With soil needing time to recover, you’ll want to plan not just a crop rotation but a field rotation system to keep food coming. While one field recovers, have others growing, staggering their recuperative years. It is unreasonably pleasing to get a system of fields set up nicely.

Usually my attention in town-builders goes on perfectly building layouts but here I’m thinking more and more about my crop rotations. I trust the town will be fine but what about my flax? I know I’ve slightly botched my latest settlement’s field layouts, and have suffered some crippling blights.

See if you can spot the point I started actually planning my residential district

A happy town in a Farthest Frontier screenshot.

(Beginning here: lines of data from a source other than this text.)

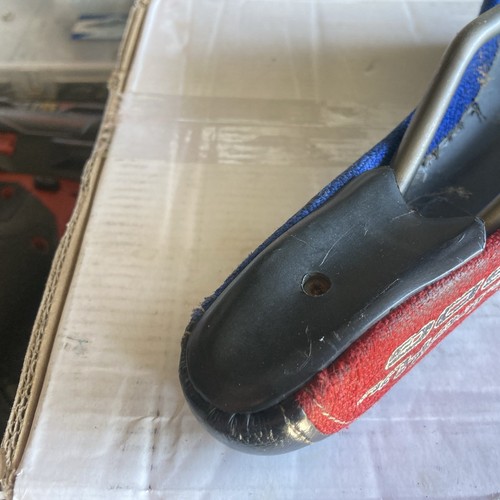 Ellsworth Mountainbike Sattel selten Vintage - Bild 7 von 12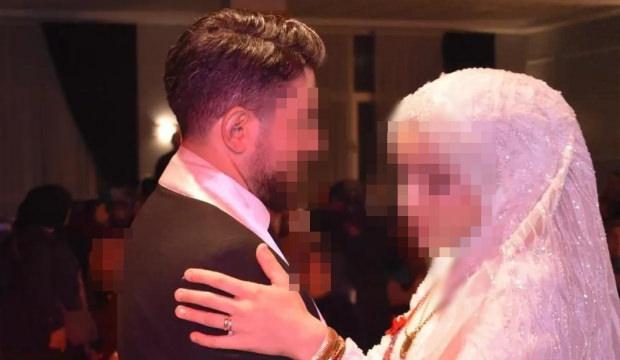 Bursa'da akılalmaz iddia: Eşinin takılarını &ccedil;alıp d&uuml;ğ&uuml;n yaptı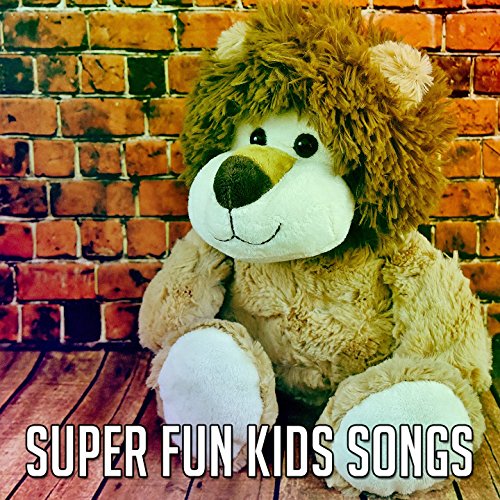 Amazon Music Nursery RhymesのSuper Fun Kids Songs Amazon.co.jp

In Farthest Frontier, I do lose interest past a certain point. I enjoy struggling to survive at the start, desperately trying to stockpile resources while carefully managing growth. I like seeing my handful of shacks grow into a hamlet, then a village, and the beginnings of an industrialised town. I like the initial excitement of unlocking new buildings and expanding towards distant valuable resources but the settlement-building early game interests me more than the town-managing game which Farthest Frontier grows into. The escalating raider hordes aren’t an interesting challenge either, just a punishing one, and the solutions to them are not fun either. It all starts to drag.

I should be clear that I feel this way about a lot of the survive-o-building genre; I suspect serious builders might feel otherwise. But I’ve been happy playing the parts I do enjoy up until I don’t, then starting over again with the benefit of new knowledge. I think my next settlement will be magnificent. My fields will be perfect.

Farthest Frontier is still in early access. Crate Entertainment had said they expected launch after 8-12 months, so they still have ages to expand and tweak things. They have said expanding the late game is one of their main early access goals. I look forward to seeing the game it grows into.